Task prompt:
Copy out, from the data below, each line in which the word "with" occurs.

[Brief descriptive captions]
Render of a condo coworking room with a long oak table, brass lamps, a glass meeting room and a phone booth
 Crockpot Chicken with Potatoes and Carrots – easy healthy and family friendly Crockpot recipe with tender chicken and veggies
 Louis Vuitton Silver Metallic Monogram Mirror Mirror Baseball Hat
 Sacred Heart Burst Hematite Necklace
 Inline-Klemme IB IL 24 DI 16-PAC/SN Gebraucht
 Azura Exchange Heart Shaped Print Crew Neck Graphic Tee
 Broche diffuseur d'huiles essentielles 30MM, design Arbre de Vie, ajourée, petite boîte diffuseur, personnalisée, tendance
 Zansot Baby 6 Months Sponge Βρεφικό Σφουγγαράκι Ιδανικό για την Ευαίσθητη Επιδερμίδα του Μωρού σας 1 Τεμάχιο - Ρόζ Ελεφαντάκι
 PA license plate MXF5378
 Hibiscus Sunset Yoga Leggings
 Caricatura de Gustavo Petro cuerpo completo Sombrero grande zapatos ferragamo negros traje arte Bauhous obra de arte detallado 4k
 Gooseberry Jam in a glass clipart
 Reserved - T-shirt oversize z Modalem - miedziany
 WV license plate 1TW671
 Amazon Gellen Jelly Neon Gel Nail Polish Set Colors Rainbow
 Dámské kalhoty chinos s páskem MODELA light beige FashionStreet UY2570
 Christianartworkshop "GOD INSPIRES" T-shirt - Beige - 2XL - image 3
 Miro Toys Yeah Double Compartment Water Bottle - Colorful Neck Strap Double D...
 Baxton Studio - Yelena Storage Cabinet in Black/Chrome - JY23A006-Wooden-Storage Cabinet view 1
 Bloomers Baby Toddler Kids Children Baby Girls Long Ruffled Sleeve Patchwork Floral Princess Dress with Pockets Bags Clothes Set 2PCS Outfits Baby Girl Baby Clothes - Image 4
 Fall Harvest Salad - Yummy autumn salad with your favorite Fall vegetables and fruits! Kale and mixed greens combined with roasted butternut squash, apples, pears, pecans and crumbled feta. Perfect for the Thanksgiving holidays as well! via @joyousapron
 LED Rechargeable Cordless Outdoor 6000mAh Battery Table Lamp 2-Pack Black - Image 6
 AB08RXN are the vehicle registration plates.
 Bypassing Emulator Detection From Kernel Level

Output of the task:
Render of a condo coworking room with a long oak table, brass lamps, a glass meeting room and a phone booth
 Crockpot Chicken with Potatoes and Carrots – easy healthy and family friendly Crockpot recipe with tender chicken and veggies
 Bloomers Baby Toddler Kids Children Baby Girls Long Ruffled Sleeve Patchwork Floral Princess Dress with Pockets Bags Clothes Set 2PCS Outfits Baby Girl Baby Clothes - Image 4
 Fall Harvest Salad - Yummy autumn salad with your favorite Fall vegetables and fruits! Kale and mixed greens combined with roasted butternut squash, apples, pears, pecans and crumbled feta. Perfect for the Thanksgiving holidays as well! via @joyousapron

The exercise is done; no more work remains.